The new and revised components also include enhanced changes to the monitoring and remediation process, which is the process that monitors the firm’s system of quality as a whole.

This process can be broken down into four stages:

Stage 1: The design and performance of monitoring activities

The design and performance of monitoring activities is one that needs to be both periodic and ongoing. The process would involve the monitoring of all components within the system, therefore monitoring of the firm’s governance and leadership, compliance with relevant ethical requirements, acceptance and continuance procedures, engagement performance, resources and information and communication.

Such process would involve a firm assessment to understand what factors the firm wishes to monitor through its inspections that are being carried out. For example, should a firm note that engagement team members are not consulting enough during their engagements, then such factor would need to be considered, specifically when carrying out inspections on engagements.

The firm therefore needs to consider the environment in which it is operating and how such environment is affecting the design of the monitoring of those activities. Consideration of the nature, timing and extent of monitoring procedures would also need to be assessed.

Factors that could affect the nature, timing and extent of a firm’s monitoring activities include the following:

  1. The size and structure of the firm
  2. Resources to be used within the firm
  3. Reasons for the assessments given to quality risks within the risk assessment process
  4. The design of firm responses to quality risks identified
  5. The design of the firm’s risk assessment process and the monitoring and remediation process
  6. Changes in the system of quality management
  7. Previous monitoring activities, along with the effectiveness of remedial actions
  8. Whether the firm forms part of a network
  9. Other relevant information, such as complaints and allegations, external inspections and service providers.

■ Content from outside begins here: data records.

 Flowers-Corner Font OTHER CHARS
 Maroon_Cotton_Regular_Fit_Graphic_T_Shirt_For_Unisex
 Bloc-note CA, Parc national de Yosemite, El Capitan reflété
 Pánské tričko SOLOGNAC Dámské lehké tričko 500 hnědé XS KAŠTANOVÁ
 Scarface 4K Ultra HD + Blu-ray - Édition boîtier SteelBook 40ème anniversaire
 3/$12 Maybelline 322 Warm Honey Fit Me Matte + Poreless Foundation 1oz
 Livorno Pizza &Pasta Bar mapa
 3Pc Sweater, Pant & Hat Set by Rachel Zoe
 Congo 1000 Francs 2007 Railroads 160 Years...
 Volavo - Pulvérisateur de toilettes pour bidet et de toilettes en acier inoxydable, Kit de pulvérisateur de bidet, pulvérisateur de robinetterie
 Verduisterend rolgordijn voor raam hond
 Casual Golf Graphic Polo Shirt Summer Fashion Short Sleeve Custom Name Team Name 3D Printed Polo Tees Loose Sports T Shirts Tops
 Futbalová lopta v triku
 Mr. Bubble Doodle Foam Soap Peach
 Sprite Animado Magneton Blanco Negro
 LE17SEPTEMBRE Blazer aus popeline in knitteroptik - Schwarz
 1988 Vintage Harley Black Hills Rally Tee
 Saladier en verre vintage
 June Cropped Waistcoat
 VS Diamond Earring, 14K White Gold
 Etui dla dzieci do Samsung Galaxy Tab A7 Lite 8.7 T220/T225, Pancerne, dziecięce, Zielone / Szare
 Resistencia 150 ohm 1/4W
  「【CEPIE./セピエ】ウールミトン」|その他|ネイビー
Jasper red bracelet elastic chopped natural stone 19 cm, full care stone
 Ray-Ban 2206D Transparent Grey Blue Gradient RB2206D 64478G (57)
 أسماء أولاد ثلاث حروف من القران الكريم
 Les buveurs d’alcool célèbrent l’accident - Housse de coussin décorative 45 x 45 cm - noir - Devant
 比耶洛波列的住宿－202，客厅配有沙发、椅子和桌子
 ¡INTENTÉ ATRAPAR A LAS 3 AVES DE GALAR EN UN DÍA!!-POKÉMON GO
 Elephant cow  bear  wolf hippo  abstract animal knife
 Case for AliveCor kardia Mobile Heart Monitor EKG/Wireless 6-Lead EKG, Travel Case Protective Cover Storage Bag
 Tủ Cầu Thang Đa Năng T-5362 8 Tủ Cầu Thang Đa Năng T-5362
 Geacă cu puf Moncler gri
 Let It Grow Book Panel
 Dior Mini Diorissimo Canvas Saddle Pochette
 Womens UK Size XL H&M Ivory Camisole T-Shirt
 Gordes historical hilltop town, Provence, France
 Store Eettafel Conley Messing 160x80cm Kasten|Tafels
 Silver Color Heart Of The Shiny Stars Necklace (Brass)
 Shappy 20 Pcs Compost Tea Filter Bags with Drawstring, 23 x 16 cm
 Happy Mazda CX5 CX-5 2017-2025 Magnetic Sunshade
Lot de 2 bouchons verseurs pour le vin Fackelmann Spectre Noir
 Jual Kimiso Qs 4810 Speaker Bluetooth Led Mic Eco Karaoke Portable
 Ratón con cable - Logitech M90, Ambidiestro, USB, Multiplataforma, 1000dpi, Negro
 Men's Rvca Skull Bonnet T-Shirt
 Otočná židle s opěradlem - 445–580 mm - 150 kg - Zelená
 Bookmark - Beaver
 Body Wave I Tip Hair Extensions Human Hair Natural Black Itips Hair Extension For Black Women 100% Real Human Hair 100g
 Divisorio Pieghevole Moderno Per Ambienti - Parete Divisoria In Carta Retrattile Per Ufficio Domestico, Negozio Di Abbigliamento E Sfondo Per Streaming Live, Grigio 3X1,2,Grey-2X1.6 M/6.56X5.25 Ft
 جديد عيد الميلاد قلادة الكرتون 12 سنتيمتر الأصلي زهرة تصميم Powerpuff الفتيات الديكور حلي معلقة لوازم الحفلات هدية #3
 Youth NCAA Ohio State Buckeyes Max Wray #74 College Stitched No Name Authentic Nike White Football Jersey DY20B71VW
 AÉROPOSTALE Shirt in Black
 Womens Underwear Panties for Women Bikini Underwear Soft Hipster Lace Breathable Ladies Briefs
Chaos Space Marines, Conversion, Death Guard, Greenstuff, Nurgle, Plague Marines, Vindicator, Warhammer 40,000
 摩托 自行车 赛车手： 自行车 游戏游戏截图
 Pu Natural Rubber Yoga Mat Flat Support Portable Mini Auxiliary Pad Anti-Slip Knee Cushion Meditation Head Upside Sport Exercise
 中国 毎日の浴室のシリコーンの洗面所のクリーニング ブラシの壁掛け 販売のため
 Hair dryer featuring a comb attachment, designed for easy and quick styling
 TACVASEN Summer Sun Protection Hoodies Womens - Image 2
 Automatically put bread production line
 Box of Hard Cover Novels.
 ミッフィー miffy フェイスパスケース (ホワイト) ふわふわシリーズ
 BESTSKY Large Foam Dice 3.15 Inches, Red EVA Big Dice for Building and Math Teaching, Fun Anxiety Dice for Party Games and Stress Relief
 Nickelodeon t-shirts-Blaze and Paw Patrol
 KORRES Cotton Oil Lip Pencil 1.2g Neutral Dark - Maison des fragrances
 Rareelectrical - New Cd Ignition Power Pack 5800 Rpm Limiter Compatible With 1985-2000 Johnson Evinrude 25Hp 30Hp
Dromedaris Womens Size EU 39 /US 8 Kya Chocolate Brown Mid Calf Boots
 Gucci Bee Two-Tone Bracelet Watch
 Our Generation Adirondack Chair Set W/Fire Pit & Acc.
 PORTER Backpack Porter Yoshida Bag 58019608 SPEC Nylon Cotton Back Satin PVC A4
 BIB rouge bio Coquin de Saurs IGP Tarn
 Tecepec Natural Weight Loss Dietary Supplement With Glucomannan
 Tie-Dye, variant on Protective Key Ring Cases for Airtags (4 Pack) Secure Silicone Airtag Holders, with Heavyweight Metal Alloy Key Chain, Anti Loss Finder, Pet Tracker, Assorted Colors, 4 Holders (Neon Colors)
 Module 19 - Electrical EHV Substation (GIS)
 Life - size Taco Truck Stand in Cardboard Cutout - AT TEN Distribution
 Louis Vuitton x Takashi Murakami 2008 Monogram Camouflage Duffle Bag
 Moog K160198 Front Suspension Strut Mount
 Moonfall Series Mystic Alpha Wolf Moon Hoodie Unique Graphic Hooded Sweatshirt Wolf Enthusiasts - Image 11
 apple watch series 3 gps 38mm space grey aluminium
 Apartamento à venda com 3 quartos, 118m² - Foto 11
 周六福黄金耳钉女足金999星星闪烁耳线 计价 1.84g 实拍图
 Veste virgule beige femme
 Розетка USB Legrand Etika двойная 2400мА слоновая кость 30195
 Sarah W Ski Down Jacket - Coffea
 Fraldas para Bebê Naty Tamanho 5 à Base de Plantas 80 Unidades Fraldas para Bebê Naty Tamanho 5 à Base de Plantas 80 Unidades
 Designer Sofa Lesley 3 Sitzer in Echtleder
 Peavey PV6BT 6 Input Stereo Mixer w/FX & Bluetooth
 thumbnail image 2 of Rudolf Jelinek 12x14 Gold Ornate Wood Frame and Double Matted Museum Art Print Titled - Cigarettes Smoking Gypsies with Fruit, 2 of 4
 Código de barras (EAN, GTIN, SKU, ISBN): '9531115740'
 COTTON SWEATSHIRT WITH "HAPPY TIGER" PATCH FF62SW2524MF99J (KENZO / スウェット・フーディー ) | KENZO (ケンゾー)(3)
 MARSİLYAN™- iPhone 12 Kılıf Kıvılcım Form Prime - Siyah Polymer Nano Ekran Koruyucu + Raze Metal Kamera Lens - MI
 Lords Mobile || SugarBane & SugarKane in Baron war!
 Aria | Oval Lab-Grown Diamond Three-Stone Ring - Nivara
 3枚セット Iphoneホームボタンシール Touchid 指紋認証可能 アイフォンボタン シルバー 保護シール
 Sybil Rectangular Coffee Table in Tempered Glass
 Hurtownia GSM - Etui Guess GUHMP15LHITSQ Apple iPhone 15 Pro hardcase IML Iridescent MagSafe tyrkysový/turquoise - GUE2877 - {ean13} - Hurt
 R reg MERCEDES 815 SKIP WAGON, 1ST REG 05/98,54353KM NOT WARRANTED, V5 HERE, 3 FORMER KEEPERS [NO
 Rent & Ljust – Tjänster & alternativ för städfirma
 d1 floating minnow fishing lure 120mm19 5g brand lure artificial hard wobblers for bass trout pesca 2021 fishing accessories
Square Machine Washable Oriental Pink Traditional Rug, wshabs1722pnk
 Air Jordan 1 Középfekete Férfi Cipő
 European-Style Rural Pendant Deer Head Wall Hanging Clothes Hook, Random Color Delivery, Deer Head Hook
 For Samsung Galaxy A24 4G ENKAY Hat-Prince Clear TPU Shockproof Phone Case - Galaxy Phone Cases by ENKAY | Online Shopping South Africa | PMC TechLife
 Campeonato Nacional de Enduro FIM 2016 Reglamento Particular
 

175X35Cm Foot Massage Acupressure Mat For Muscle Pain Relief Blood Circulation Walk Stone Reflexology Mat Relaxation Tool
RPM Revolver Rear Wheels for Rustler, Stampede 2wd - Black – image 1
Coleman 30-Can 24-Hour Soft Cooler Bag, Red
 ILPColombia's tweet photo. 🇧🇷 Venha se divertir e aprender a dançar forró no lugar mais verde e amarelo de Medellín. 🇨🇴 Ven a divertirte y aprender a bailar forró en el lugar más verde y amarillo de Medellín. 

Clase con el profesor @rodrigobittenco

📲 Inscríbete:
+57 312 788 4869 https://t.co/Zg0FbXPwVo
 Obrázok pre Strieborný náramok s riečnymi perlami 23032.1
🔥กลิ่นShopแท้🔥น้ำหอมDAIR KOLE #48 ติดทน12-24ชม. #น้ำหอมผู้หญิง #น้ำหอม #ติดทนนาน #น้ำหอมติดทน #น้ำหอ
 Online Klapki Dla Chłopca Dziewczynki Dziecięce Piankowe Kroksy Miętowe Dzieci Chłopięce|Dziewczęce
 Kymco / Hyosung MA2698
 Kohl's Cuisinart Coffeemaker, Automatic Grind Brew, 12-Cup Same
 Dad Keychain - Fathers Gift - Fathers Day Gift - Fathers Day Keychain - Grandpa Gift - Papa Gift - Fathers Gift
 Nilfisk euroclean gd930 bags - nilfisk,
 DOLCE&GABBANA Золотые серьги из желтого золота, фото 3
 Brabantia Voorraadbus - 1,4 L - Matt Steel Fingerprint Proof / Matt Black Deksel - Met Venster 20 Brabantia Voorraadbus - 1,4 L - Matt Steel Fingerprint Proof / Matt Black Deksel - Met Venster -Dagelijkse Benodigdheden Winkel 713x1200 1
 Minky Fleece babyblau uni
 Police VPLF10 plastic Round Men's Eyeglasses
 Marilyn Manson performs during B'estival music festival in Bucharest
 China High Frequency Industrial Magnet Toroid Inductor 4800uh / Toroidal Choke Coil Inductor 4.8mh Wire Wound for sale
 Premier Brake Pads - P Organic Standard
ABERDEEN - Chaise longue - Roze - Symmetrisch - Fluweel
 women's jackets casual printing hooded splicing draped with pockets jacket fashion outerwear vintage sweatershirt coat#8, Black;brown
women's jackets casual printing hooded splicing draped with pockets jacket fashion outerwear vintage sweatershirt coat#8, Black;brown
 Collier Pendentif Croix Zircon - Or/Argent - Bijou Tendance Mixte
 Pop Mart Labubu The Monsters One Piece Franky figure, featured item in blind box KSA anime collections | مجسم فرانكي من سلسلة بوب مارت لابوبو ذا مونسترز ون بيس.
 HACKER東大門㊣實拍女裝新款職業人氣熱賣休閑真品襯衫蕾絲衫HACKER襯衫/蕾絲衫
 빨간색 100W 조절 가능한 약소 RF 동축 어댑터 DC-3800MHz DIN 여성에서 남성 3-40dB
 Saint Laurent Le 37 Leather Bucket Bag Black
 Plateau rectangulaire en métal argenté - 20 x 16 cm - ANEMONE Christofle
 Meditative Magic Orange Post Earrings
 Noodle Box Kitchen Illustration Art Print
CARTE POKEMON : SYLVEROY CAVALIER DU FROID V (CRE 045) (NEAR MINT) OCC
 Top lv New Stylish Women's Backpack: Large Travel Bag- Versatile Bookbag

Monitoring activities need to be tailored to address firm circumstances.

Furthermore, operational responsibility for the process of monitoring and remediation within the firm needs to be assigned to someone within the firm, with this person holding the appropriate experience, time, influence and authority to be able to perform this role.

In selecting engagements for review, both engagements to be reviewed and engagement partners who reviewed such engagements would need to be considered. The firm would accordingly need to determine the cycle for the selection of engagement partners and corresponding files and assess how often such engagements would be subject to review.

Stage 2: The evaluation of findings and the identification of deficiencies, along with the evaluation of identified deficiencies

Following the design and performance of monitoring activities, the next step in the monitoring and remediation process would involve the evaluation of findings, the identification of deficiencies and the evaluation of identified deficiencies. Findings provide information about the design, implementation and operation of the system of quality management which indicates that one or more deficiencies may exist. Such information would mainly emanate from the monitoring activities performed and any external inspections held.

The evaluation of findings by the firm would help to determine whether any deficiencies exist.

Following this evaluation, the firm would then need to evaluate the severity and pervasiveness of the deficiencies identified, while continuously applying professional judgement during the process.

Once the severity and pervasiveness of the deficiencies identified have been evaluated, then investigation of the root cause of such deficiency would need to be established. This would need to include the effect of such deficiencies, individually or in the aggregate, on the SOQM.

Stage 3: Responding to identified deficiencies

The third stage within a firm’s monitoring and remediation process would involve:

  1. The design and implementation of remedial actions.

This would include the firm’s response to the root cause of the identified deficiencies, while also responding to findings on engagements that highlight any omitted procedures during audits carried out or the issue of an inappropriate report.

  1. The evaluation of remedial actions

This stage in the process would assess whether remedial actions have been appropriately designed to address the identified deficiencies and their related root causes and understand whether such remedial actions have been implemented. Furthermore, it will include the assessment of implemented remedial actions for previous deficiencies to understand whether these have been identified.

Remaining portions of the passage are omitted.